暴動は大局的に見れば終息に向かっている。それがウーシア兵器を前にした人間の正しい在り方であった。喉元にひやりとする刃を添えられて、それでもなお前進するものは狂気に囚われている。暴動とは、誤解されがちであるが、理性のある、いかにも人間的な行動なのだ。と、サバランティオ曹長は晴れやかな夏の空を見上げて、悠長に頭の中で語った。

局面はすでに移った。ウーシア兵器を佩用するもの同士の一騎打ち。それはおよそ戦争行為とはいえない、決闘とでも呼称すべき始原的な戦い。


ミラリロはエチカ少尉の転移を認めて、目の前の反逆者に腰を据えて立ち向かう。アクトゥールよりも(よわい)を重ねた、四十代と思われる男。口髭はなく、頭髪にはわずかに霜が降っている。鼻梁(びりょう)が高く、眉も鷹が飛翔するように立派であった。


軍基地の白い外壁を背景にして、その男はミラリロに語りかける。


「英雄なんて骨董品を生む土壌が、くしくもウーシア技術の発展によって耕されるなぞ、人間はまるで成長しないものだ」


男はミラリロよりも遥かに高い位置で鉄槍を構える。柄えも相当長い。一方のミラリロは、鉄槍を馬の脇に収納したまま、その代わり、彼女の右手には短い鉄剣が、背中にはそれより長いもう一振りの剣が浮かぶように背負われている。


リーチの差には速度の差を噛ませる。それは歩兵戦の理論であって、騎乗戦では圧倒的に前者が有利である。それでもミラリロの余裕は、(にかわ)で張り付いたように顔から剥がれない。
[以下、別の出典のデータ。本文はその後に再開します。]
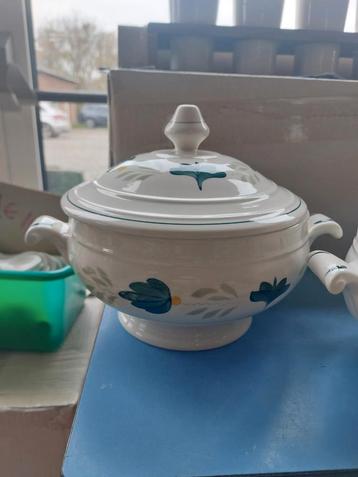 Légumier Royal Boch Aquarelle  beschikbaar voor biedingen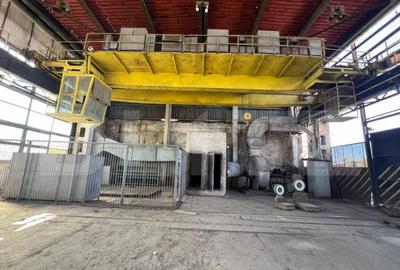 Hala industriala de inchiriat, 1.000 mp + teren 5.000 mp - 2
「いいえ。人間は、その精神は、成長しているのよ。だって英雄は私の愛すべき英雄だもの」


要領を得ず、意味不明なミラリロの言辞(げんじ)に、男は太い眉を寄せる。目に鬱陶しい瑠璃色の髪は、人格が破綻していることの何よりの証左であって、男は取り合う気にもならなかった。


第六感が、頭痛となってミラリロの体に顕在化(けんざいか)する。自分の振るう鉄剣が彼の体に転移する肌ざわり。だが逆もまた真であるような感覚、あるいは感情といっても正しいような不安は、第一反発を予期した体の戦慄(わなな)きである。


互いに拮抗したウーシア適合。その帰結は集中と速度の根比べという、帰路の用意されてない、竜虎相搏(りゅうこあいう)つ果たし合いとなる。


先に空間を割って転移したのは男の方であった。


後背(こうはい)っ……!)


ミラリロは自分の背に神経を寄せ集める。鉄槍の鋭い先端が、体に熱を帯びて食い込んでくる。その不快な感覚を捻り出すようにして、ミラリロは男の初撃を弾いた。二人の間に青い火花が花弁を開く。


「はっ!転送で貫こうなんて舐められたものね。そのまま突き刺せば良かったのに」


「それを許してくれるとは思えないがな」


背後から転送された槍は間違いなくミラリロの体に串刺されていた。が、血は一滴も流れることなく、軍服もまた破れてなどいない。


――「拒絶(レクザーティオ)


第一反発を掻い潜った転移に対し、遡及的(そきゅうてき)に空間の支配を取り戻す技術。いわば「転移」というのは、自然との交渉・承認プロセスである。その承認の判を押そうとして振り下ろされた腕を、無理やり掴んで遮る行為が、「拒絶(レクザーティオ)」である。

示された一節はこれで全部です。